Entries provided >>
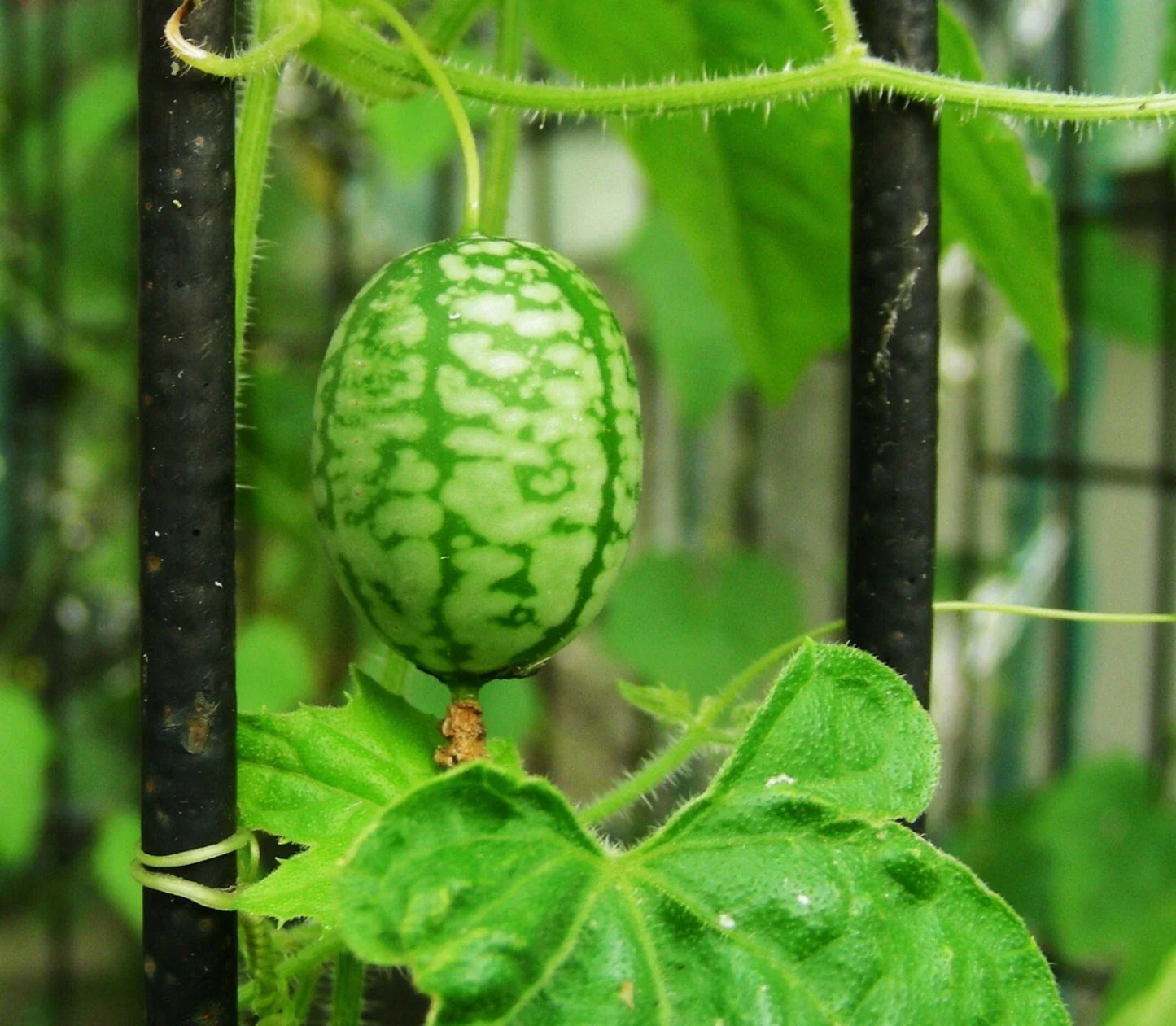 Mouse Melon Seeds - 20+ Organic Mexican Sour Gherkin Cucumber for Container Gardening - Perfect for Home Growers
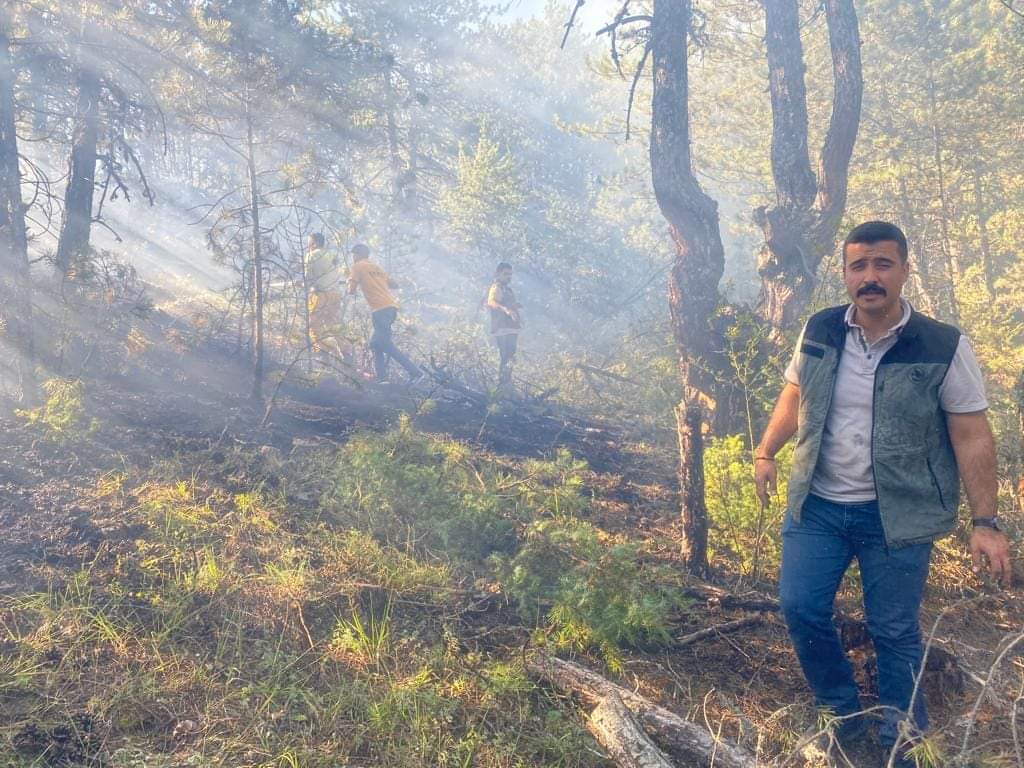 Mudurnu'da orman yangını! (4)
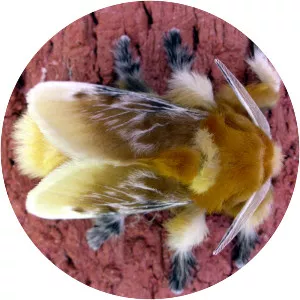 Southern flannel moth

* * *

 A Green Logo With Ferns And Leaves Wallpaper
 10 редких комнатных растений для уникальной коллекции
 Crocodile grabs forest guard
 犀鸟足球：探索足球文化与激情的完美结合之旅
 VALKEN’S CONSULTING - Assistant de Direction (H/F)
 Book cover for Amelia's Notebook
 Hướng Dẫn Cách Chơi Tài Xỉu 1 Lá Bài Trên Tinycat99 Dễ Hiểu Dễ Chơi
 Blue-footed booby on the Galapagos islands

--

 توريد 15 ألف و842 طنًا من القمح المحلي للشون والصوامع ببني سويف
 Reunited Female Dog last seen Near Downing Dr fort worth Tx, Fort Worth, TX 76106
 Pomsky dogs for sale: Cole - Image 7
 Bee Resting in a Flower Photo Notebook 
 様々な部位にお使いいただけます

What to do >>
Copy each line from the data above that includes "Notebook".

Answer for this exercise >>
 Book cover for Amelia's Notebook
 Bee Resting in a Flower Photo Notebook 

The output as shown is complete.